Home Front by Sarah Johnson
Catholic Herald 25 November 2005
I don’t do my children’s homework for them. It’s not for want of trying. The trouble is, most nights I can’t even find it. One of the benefits, if it can be called that, of having given birth to slightly more children than you are entirely competent to handle is that the poor things have to do things for themselves. I keep meaning to do their homework for them but dinner and other events intervene.
It is also quite hard to do one’s teenager’s GCSE coursework when he shouts “Go away, leave me alone” every time I come into the room. The 63% of parents who – says the Schools Qualifications and Curriculum Authority – are over-enthusiastically helping their children with their GCSE coursework make me feel terribly angry, but I am rather in awe of their resourcefulness.
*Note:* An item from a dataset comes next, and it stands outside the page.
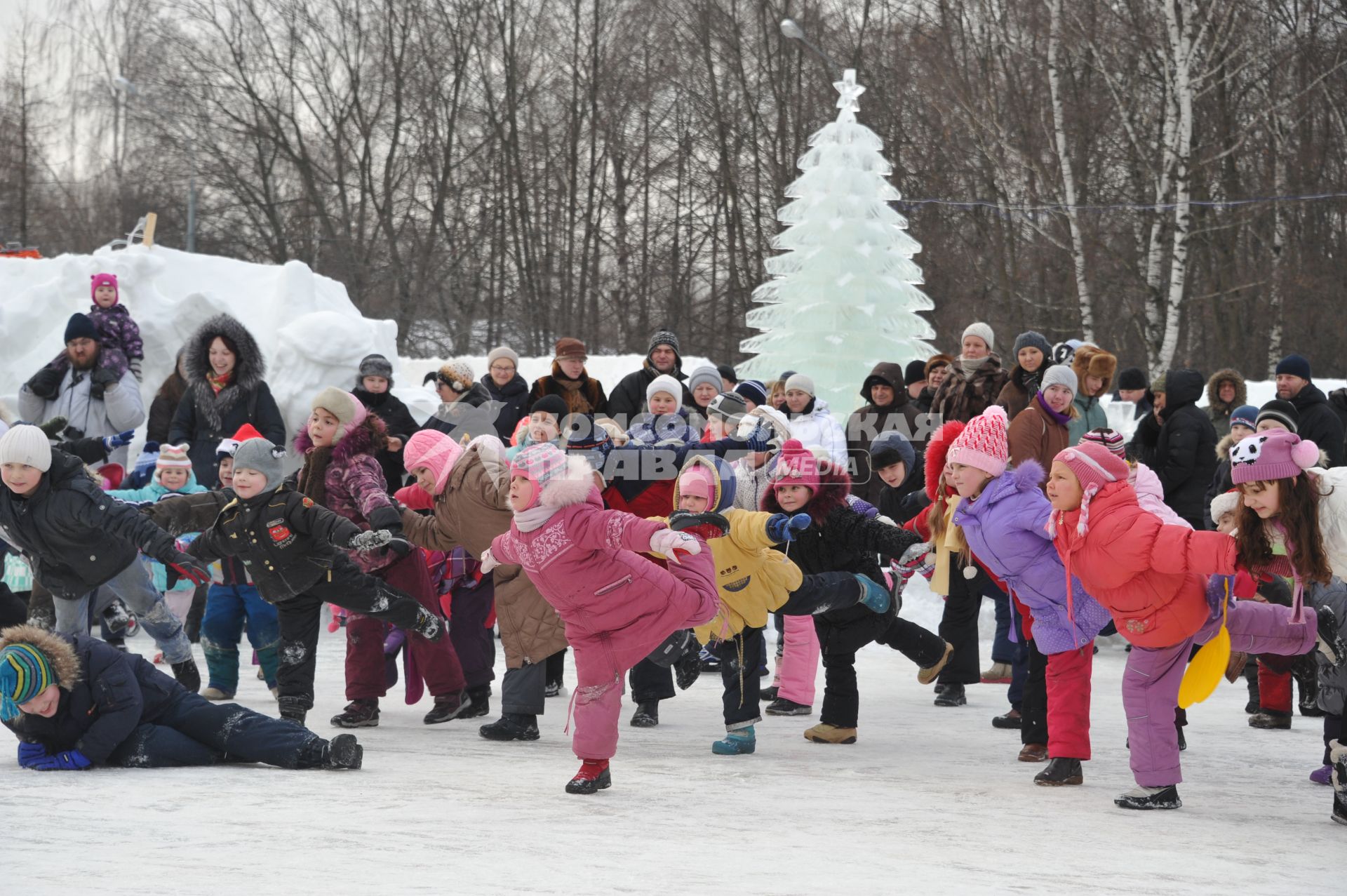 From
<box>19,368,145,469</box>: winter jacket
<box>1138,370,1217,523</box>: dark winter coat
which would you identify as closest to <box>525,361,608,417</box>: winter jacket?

How do these cheating parents find the work at all, among the mass of saved files with near-identical titles that clogs up the hard drive on most family computers? And when they have located it, how do they understand it (especially if it is maths)?
And how do they persuade adolescent boys to regard the words “write no less than 200 words” as anything other than a strict injunction to write absolutely no more than 200 words? How do they persuade adolescent girls that the same instruction does not mean “write a medium length history book”?
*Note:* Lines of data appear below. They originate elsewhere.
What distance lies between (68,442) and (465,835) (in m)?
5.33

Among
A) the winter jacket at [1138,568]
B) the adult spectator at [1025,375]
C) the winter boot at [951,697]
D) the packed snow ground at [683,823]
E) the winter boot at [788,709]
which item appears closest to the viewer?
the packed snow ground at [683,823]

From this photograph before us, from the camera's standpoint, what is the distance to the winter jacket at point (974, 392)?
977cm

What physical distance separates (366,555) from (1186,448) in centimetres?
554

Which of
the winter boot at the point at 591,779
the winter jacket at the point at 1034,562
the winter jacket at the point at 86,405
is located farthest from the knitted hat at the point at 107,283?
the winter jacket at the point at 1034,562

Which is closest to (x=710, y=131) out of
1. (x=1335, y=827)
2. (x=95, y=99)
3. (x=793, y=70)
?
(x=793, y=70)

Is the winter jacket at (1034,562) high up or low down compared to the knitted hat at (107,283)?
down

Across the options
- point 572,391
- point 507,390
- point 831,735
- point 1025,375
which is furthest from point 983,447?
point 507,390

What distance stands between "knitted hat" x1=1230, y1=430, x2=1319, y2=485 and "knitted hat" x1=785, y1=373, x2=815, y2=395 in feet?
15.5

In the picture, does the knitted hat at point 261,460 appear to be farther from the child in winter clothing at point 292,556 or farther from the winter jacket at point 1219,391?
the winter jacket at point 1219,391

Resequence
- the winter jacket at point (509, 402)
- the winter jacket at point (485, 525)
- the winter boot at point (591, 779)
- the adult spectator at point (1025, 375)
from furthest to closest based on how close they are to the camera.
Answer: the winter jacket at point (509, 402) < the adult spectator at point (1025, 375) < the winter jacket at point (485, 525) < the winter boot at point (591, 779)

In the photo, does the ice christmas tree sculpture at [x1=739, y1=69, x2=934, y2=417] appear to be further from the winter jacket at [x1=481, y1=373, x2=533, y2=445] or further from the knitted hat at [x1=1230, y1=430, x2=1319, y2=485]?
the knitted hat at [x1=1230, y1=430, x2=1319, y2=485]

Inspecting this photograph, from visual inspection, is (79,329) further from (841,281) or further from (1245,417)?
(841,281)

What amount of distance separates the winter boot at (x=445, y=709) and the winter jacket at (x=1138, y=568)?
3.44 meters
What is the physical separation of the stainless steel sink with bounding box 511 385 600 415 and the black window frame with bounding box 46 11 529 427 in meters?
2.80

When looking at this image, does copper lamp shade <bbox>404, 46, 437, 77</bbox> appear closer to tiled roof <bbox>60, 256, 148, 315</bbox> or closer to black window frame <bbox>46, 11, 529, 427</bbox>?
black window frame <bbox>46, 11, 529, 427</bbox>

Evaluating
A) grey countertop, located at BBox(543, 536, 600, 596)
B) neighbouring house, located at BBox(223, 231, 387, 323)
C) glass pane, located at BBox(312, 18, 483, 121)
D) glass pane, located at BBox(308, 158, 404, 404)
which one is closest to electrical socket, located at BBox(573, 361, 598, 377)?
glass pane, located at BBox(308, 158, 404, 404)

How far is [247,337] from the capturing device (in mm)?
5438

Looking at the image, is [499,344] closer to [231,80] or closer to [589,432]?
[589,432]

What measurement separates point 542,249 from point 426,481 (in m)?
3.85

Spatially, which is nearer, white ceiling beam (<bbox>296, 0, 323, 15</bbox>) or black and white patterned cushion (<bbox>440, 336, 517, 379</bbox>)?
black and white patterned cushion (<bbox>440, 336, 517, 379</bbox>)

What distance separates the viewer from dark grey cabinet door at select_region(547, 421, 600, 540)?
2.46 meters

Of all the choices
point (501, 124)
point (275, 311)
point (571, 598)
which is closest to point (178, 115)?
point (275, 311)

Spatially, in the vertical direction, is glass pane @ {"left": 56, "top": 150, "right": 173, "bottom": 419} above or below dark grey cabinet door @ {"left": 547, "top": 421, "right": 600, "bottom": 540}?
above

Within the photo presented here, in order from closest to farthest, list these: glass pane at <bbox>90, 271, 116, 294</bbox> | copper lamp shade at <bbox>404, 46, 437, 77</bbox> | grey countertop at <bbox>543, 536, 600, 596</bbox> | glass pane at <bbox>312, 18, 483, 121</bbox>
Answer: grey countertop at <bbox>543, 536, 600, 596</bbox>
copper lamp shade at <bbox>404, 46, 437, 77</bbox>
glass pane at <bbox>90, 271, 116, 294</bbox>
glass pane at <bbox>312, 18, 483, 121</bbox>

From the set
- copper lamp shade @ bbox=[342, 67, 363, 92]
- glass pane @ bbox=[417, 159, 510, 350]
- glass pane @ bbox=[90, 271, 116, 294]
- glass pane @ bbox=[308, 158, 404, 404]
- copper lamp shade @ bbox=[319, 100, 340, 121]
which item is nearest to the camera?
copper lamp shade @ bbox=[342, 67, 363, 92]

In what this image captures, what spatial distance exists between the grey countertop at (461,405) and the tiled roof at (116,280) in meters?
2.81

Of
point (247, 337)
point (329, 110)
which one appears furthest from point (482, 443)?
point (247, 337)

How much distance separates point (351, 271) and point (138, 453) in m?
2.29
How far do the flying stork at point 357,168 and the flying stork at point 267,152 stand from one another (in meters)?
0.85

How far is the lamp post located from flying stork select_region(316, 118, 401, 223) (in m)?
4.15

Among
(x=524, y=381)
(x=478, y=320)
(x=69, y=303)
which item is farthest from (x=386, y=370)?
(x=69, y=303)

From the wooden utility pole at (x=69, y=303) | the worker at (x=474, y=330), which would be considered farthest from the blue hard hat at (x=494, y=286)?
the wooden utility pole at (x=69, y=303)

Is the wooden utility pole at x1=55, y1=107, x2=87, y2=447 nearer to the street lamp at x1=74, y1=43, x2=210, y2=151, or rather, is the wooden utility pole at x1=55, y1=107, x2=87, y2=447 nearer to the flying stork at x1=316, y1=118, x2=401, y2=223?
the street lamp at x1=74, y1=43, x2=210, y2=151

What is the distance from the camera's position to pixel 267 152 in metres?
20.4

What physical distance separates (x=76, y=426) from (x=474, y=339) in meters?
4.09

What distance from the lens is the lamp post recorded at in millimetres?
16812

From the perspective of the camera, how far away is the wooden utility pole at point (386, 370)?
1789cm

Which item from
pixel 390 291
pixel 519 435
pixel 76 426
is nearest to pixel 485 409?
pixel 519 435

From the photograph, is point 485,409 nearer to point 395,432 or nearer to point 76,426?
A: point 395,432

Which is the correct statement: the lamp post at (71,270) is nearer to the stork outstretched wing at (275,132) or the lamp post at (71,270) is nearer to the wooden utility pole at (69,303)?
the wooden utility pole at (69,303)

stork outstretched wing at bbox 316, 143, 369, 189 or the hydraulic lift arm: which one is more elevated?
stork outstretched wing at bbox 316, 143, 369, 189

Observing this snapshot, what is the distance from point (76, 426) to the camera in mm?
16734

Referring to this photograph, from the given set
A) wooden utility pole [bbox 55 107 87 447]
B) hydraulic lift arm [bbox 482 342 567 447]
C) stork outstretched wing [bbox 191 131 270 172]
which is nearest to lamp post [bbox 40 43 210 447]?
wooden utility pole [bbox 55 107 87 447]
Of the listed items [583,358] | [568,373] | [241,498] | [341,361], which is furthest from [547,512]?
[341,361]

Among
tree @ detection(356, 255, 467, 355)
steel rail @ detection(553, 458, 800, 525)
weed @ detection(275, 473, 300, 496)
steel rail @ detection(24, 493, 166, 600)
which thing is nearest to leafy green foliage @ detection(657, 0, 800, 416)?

And why have the exam boards, not yet hit on the simple method of thwarting cheating parents by insisting that all coursework be hand-written by the student, instead of typed on a computer?
Coursework is the curse of modern youth. It was clearly invented by keen teachers, probably mostly female, who love reading round a subject, and fondly imagined that coursework would automatically transfer this enthusiasm. Coursework favours girls – who happily produce reams of elegant trivia – over boys, who rise more effectively to the adrenaline surge of traditional exams.
Coursework discourages actual learning: no teenager, especially if male, ever allows a fact to clutter up his precious brain space if it is not strictly essential for passing the exam. Any aspect of any curriculum where, to the question “do I have to learn this for the exam, Sir?” the answer is “No”, is literally worthless.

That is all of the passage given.